§ Available records:
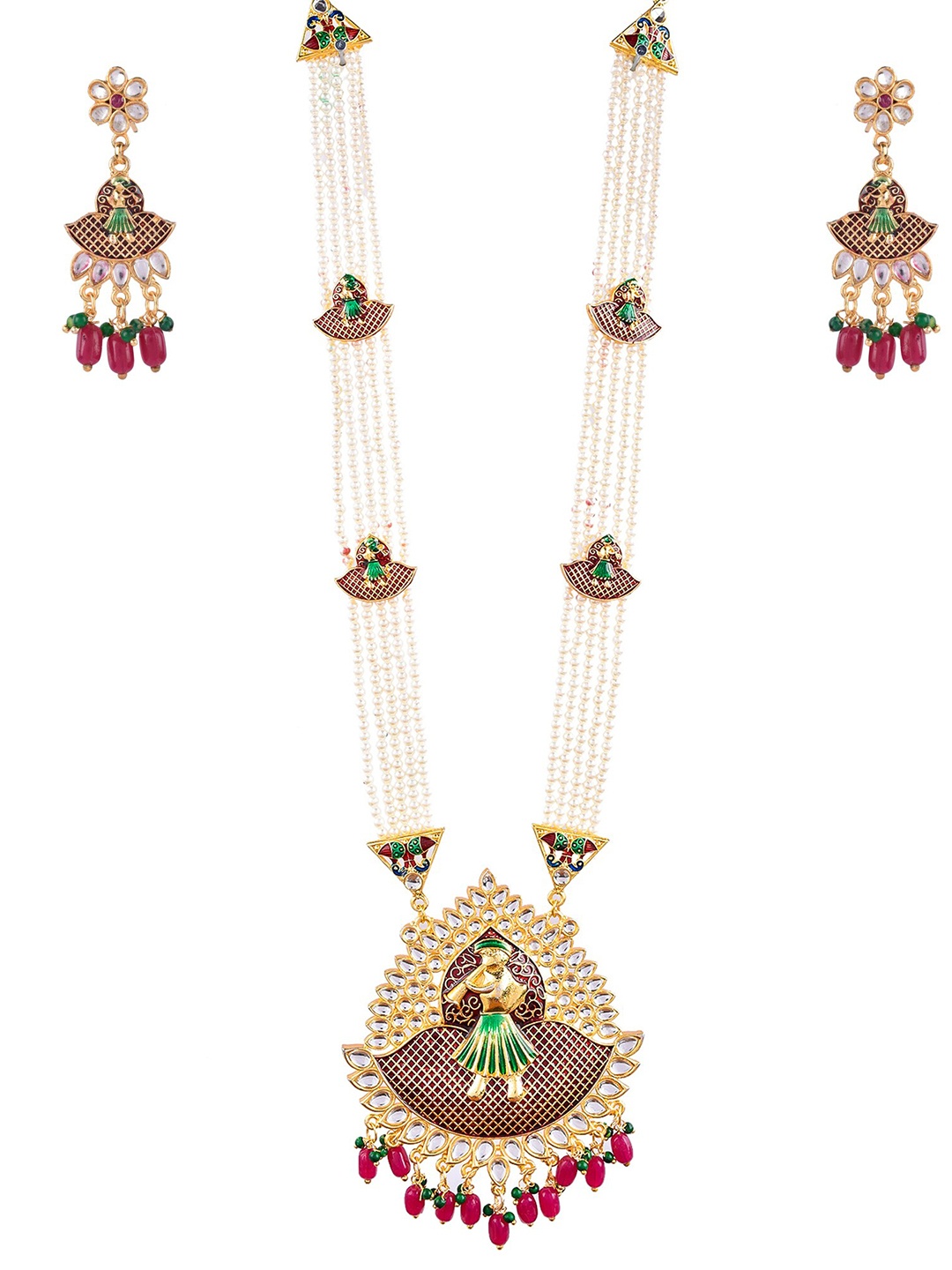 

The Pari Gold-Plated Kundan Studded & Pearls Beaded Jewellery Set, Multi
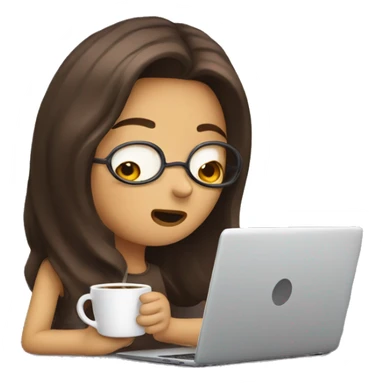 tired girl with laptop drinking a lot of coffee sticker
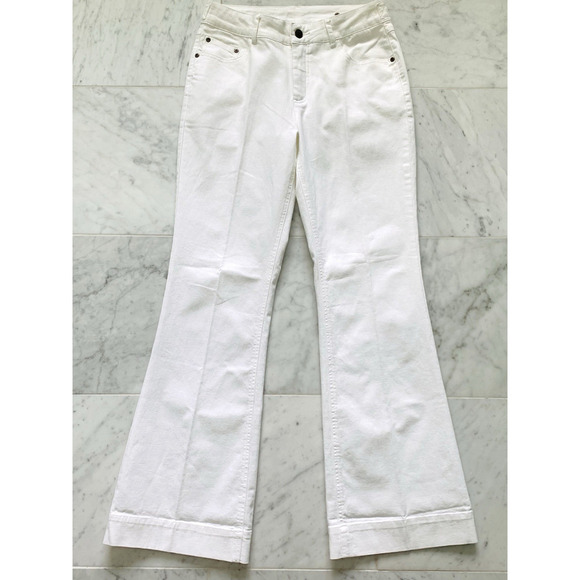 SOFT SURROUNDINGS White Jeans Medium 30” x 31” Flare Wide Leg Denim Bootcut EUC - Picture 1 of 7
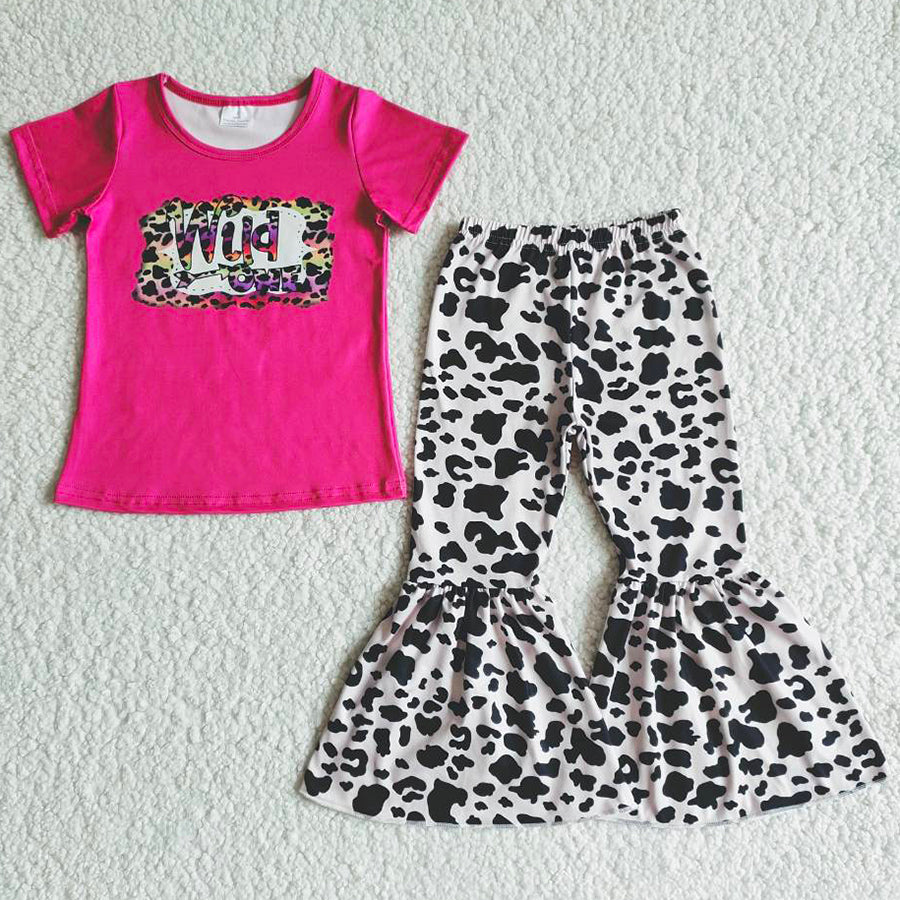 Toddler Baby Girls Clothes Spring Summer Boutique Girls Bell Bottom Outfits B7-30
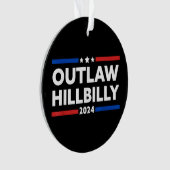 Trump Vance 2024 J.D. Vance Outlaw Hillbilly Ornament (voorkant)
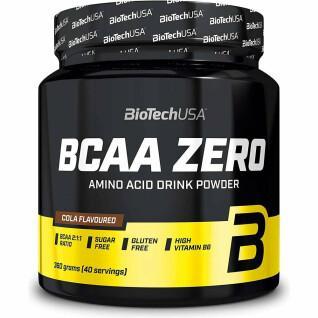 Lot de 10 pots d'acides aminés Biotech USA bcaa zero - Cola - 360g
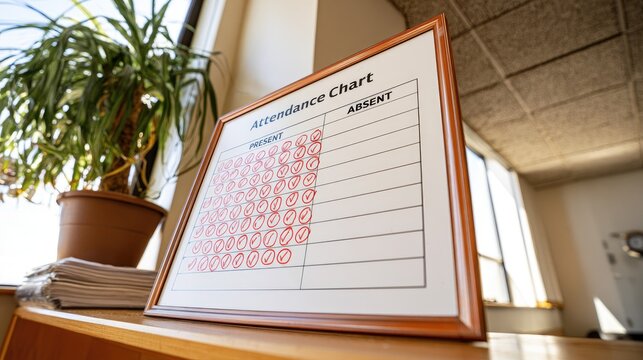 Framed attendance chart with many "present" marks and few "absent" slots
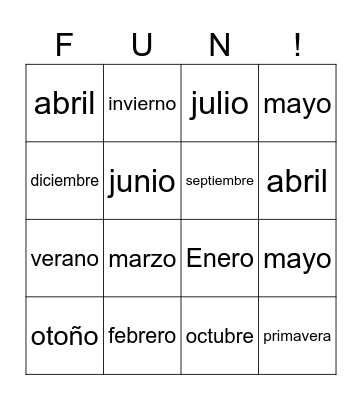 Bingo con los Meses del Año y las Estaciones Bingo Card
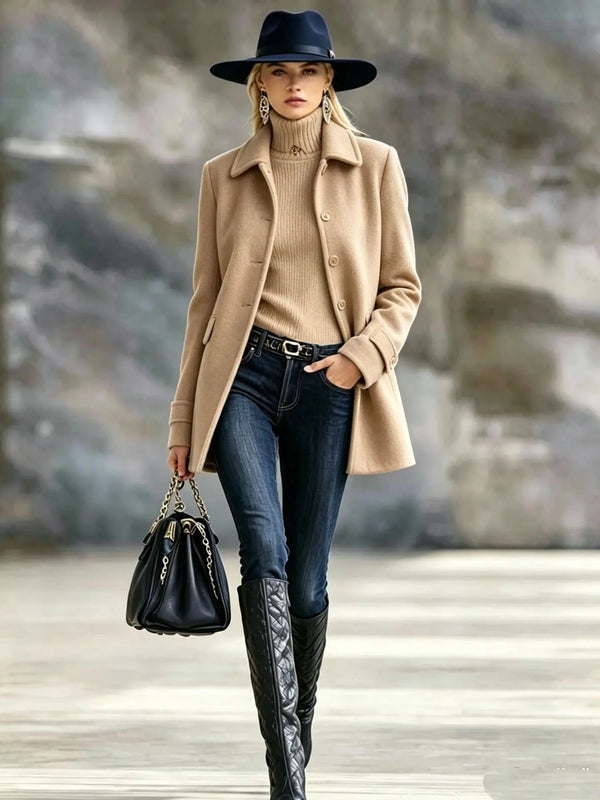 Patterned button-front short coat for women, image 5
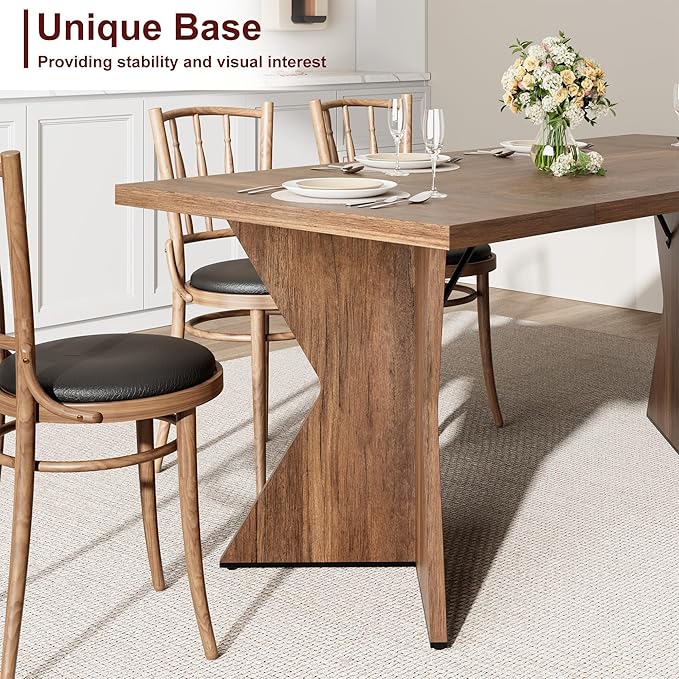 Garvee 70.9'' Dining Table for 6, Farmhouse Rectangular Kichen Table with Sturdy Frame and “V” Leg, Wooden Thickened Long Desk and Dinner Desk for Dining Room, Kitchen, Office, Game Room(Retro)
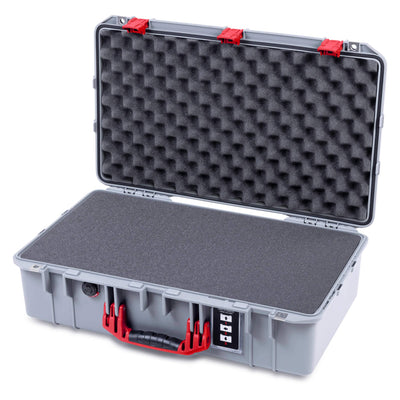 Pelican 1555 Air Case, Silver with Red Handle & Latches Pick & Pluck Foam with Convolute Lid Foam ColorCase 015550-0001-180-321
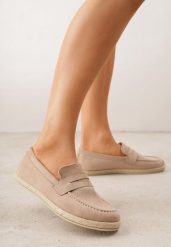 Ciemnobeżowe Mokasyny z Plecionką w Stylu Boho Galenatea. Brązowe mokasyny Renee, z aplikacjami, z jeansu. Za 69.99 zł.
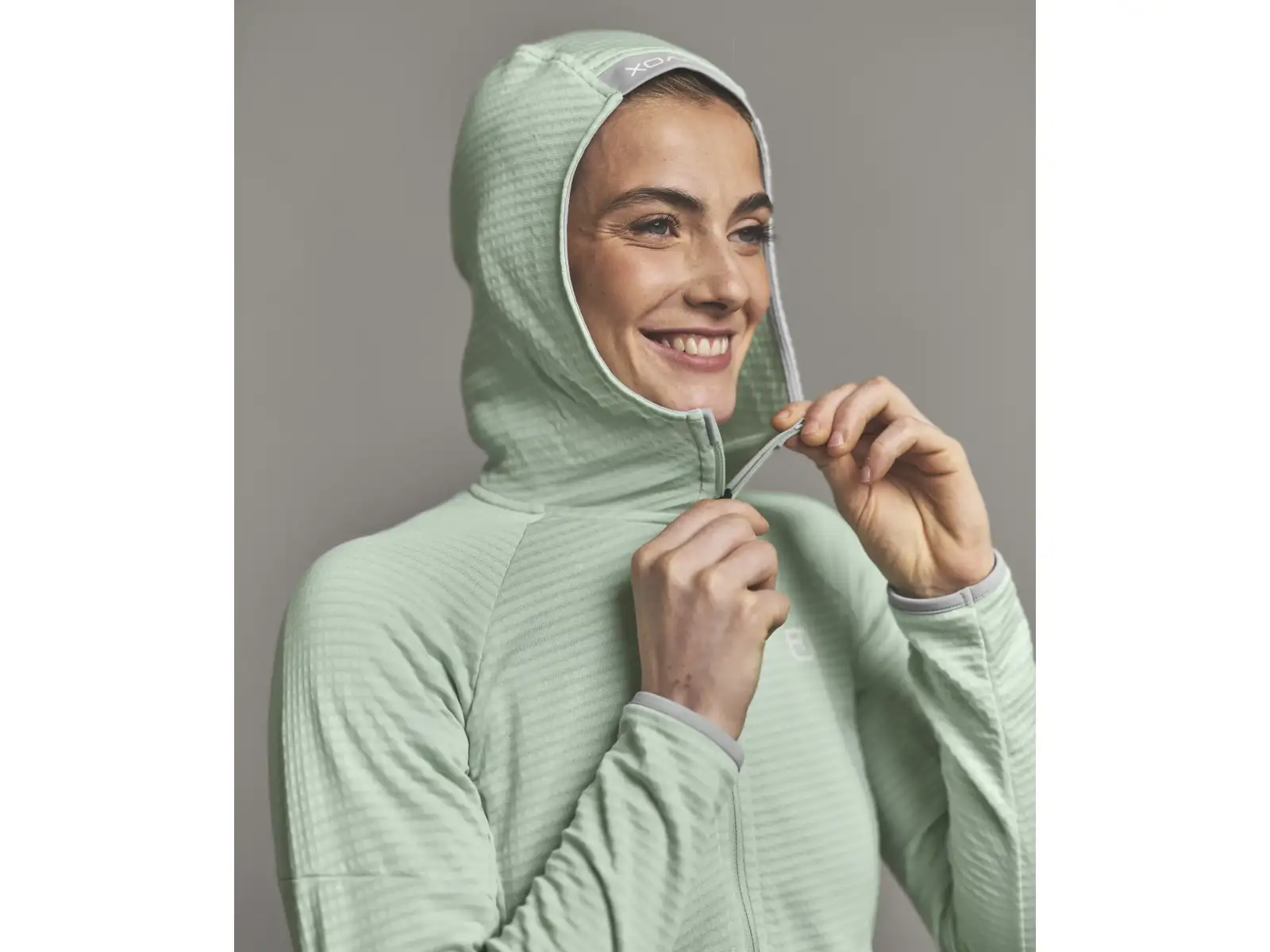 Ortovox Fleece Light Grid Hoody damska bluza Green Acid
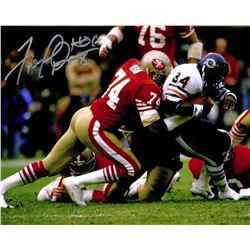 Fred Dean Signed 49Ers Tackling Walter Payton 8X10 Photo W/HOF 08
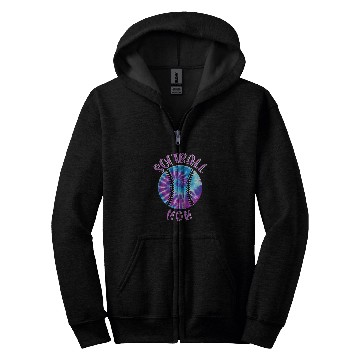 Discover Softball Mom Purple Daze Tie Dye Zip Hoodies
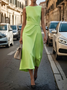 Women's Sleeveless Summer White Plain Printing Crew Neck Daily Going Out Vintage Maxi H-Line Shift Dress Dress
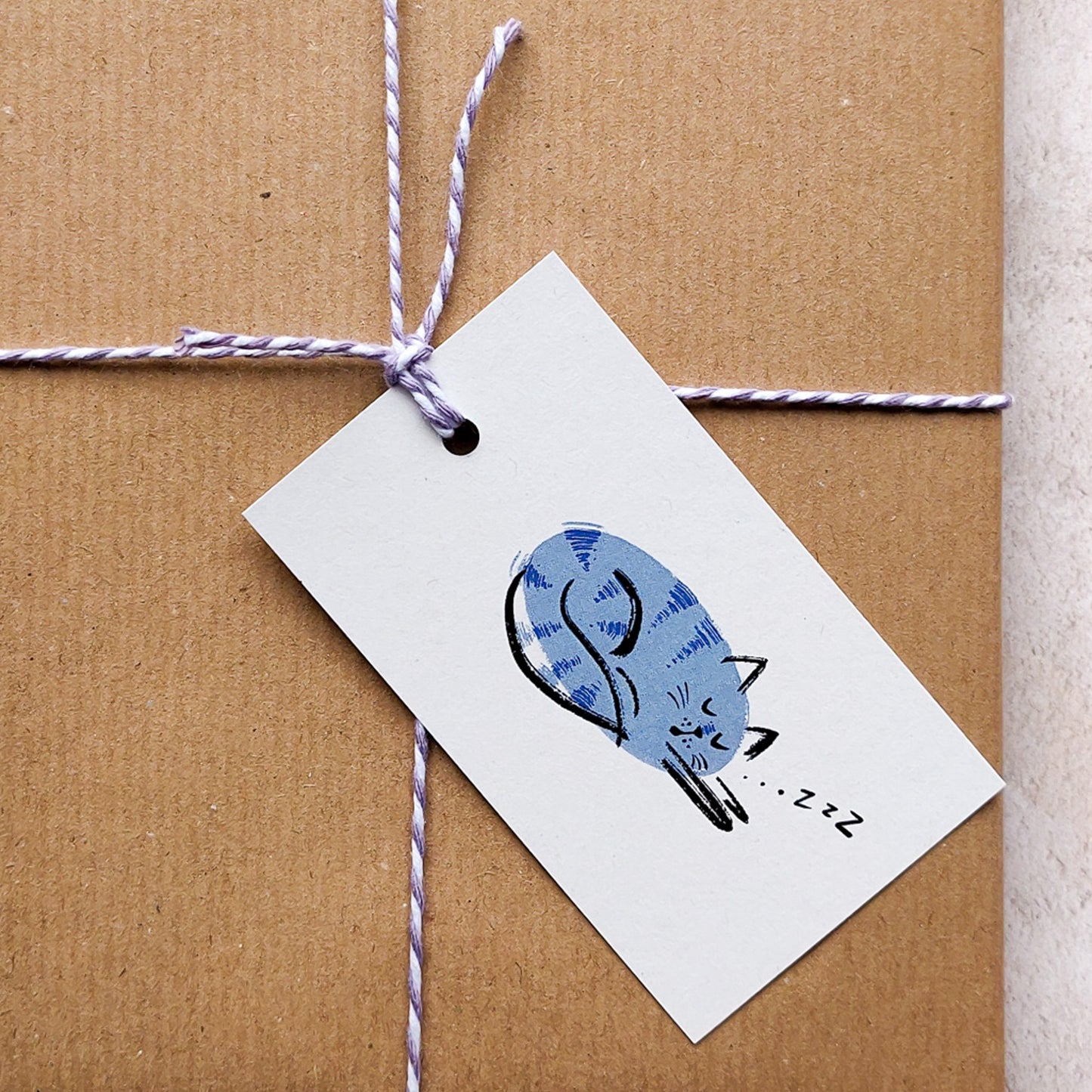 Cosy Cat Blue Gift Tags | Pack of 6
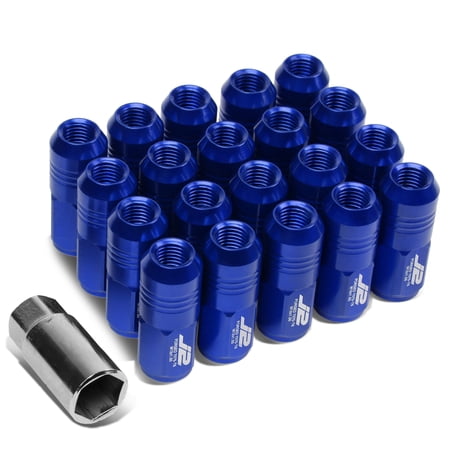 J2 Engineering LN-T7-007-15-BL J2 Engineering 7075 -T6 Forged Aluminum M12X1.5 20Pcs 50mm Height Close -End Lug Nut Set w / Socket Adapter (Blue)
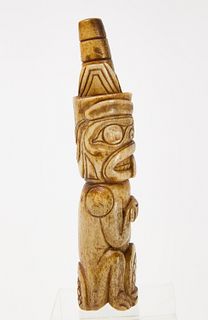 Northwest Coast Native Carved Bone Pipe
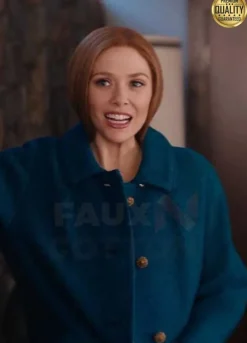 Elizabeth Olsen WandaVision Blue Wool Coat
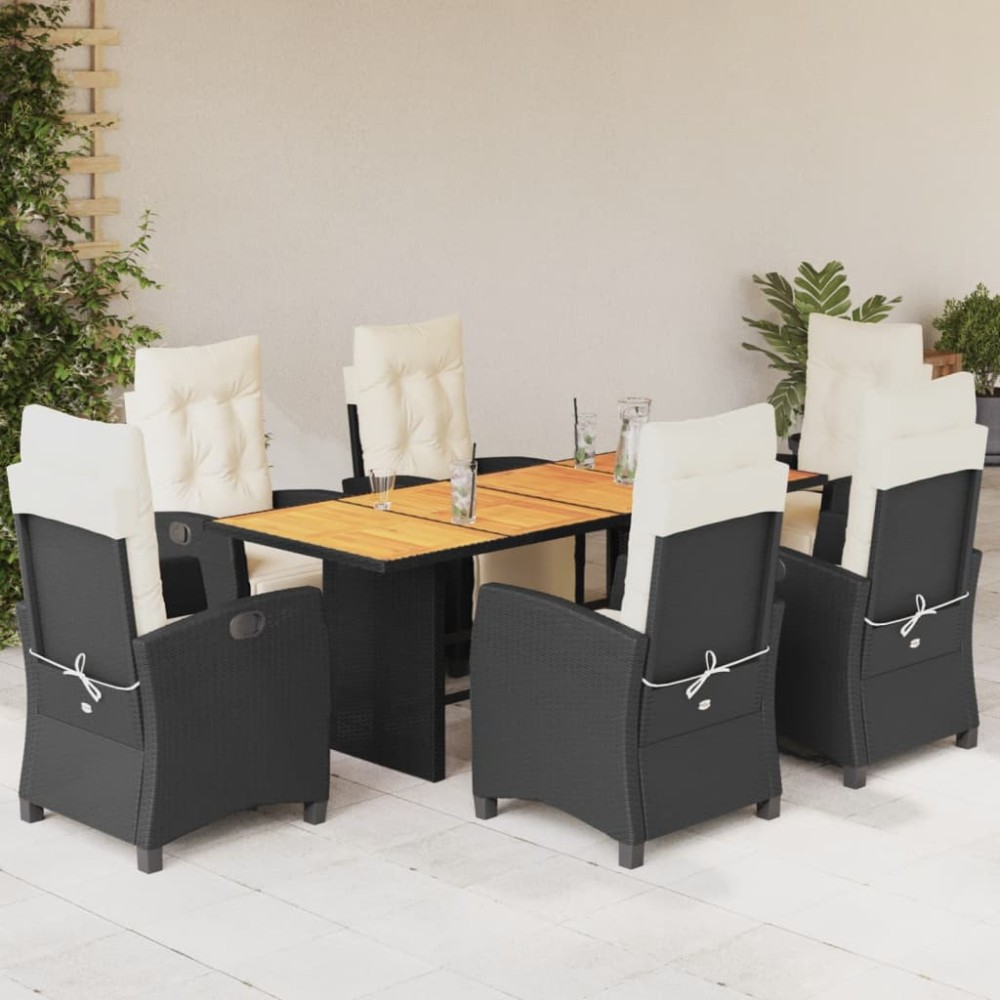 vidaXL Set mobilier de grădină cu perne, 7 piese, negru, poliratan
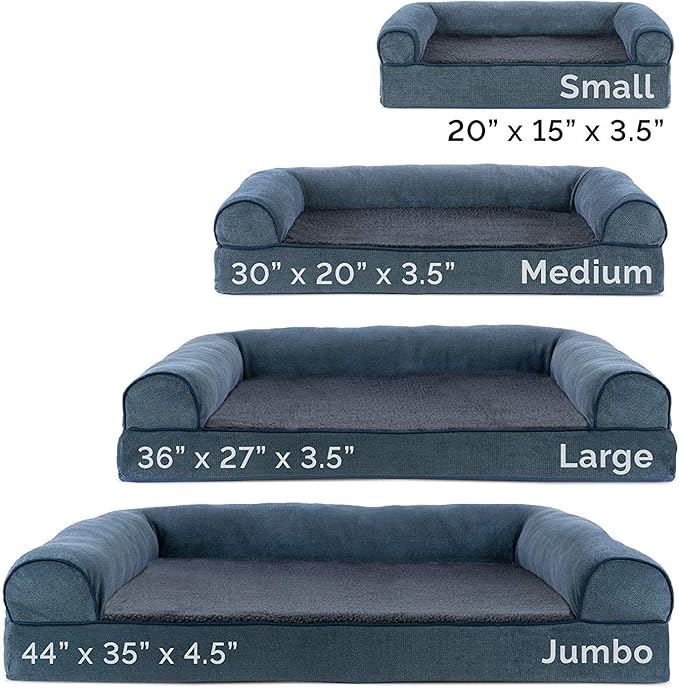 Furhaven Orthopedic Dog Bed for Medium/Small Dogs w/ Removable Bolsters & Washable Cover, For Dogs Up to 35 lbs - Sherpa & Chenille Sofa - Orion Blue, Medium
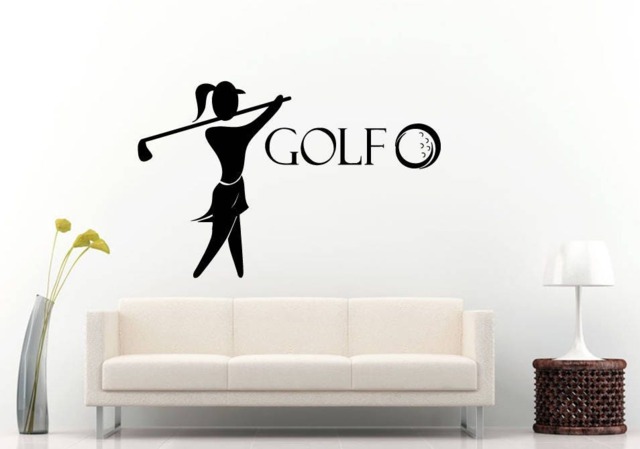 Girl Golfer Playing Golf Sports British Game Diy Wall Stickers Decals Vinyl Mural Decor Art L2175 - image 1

§ About this exercise: Nothing but the exact text of the records should appear in your answer, with no pictures. Please write it out.

§ Task output:
The Pari Gold-Plated Kundan Studded & Pearls Beaded Jewellery Set, Multi
 tired girl with laptop drinking a lot of coffee sticker
 SOFT SURROUNDINGS White Jeans Medium 30” x 31” Flare Wide Leg Denim Bootcut EUC - Picture 1 of 7
 Toddler Baby Girls Clothes Spring Summer Boutique Girls Bell Bottom Outfits B7-30
 Trump Vance 2024 J.D. Vance Outlaw Hillbilly Ornament (voorkant)
 Lot de 10 pots d'acides aminés Biotech USA bcaa zero - Cola - 360g
 Framed attendance chart with many "present" marks and few "absent" slots
 Bingo con los Meses del Año y las Estaciones Bingo Card
 Patterned button-front short coat for women, image 5
 Garvee 70.9'' Dining Table for 6, Farmhouse Rectangular Kichen Table with Sturdy Frame and “V” Leg, Wooden Thickened Long Desk and Dinner Desk for Dining Room, Kitchen, Office, Game Room(Retro)
 Pelican 1555 Air Case, Silver with Red Handle & Latches Pick & Pluck Foam with Convolute Lid Foam ColorCase 015550-0001-180-321
 Ciemnobeżowe Mokasyny z Plecionką w Stylu Boho Galenatea. Brązowe mokasyny Renee, z aplikacjami, z jeansu. Za 69.99 zł.
 Ortovox Fleece Light Grid Hoody damska bluza Green Acid
 Fred Dean Signed 49Ers Tackling Walter Payton 8X10 Photo W/HOF 08
 Discover Softball Mom Purple Daze Tie Dye Zip Hoodies
 Women's Sleeveless Summer White Plain Printing Crew Neck Daily Going Out Vintage Maxi H-Line Shift Dress Dress
 Cosy Cat Blue Gift Tags | Pack of 6
 J2 Engineering LN-T7-007-15-BL J2 Engineering 7075 -T6 Forged Aluminum M12X1.5 20Pcs 50mm Height Close -End Lug Nut Set w / Socket Adapter (Blue)
 Northwest Coast Native Carved Bone Pipe
 Elizabeth Olsen WandaVision Blue Wool Coat
 vidaXL Set mobilier de grădină cu perne, 7 piese, negru, poliratan
 Furhaven Orthopedic Dog Bed for Medium/Small Dogs w/ Removable Bolsters & Washable Cover, For Dogs Up to 35 lbs - Sherpa & Chenille Sofa - Orion Blue, Medium
 Girl Golfer Playing Golf Sports British Game Diy Wall Stickers Decals Vinyl Mural Decor Art L2175 - image 1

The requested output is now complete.